Task requirements
Repeat the listing below in full and exactly. Pictures are to be omitted.

Information supplied
----

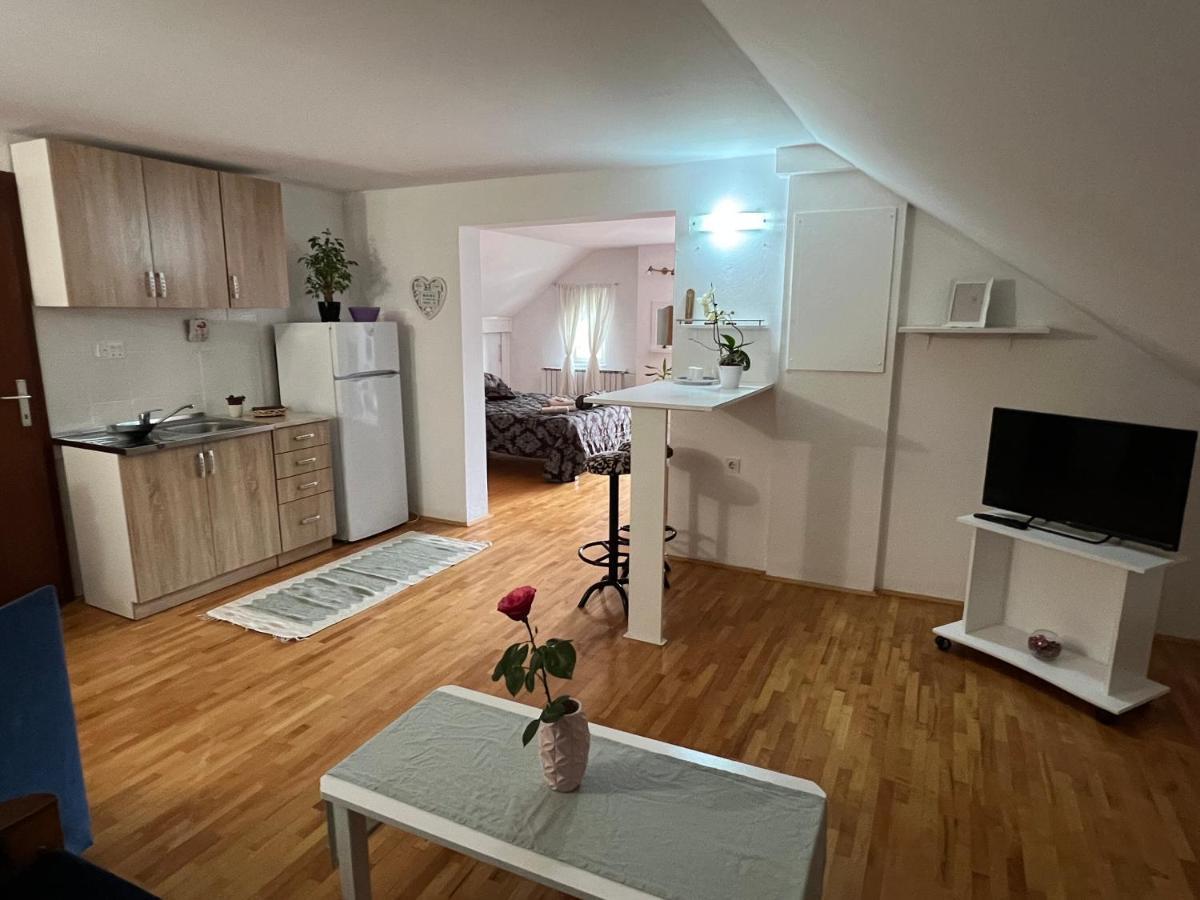 Appartement Queen à Visoko Extérieur photo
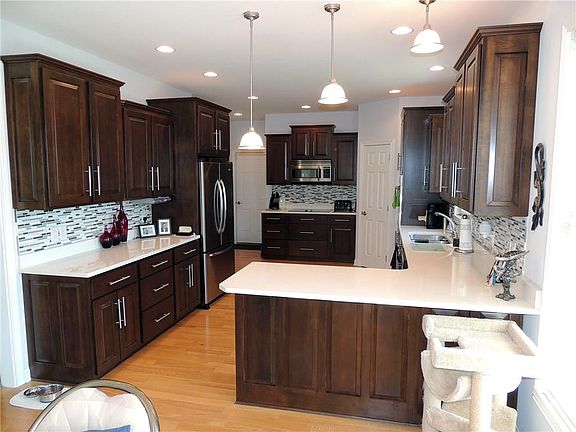 5th image of 85 John Ct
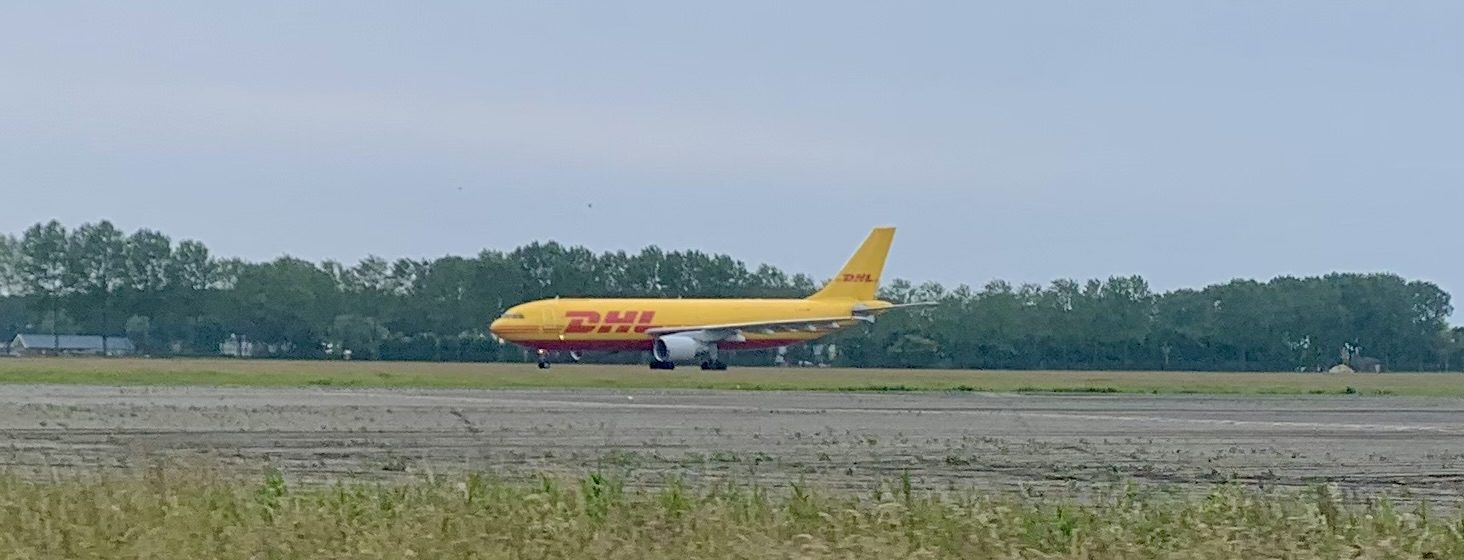 Een cargovliegtuig van DHL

----

Output below
 Appartement Queen à Visoko Extérieur photo
 5th image of 85 John Ct
 Een cargovliegtuig van DHL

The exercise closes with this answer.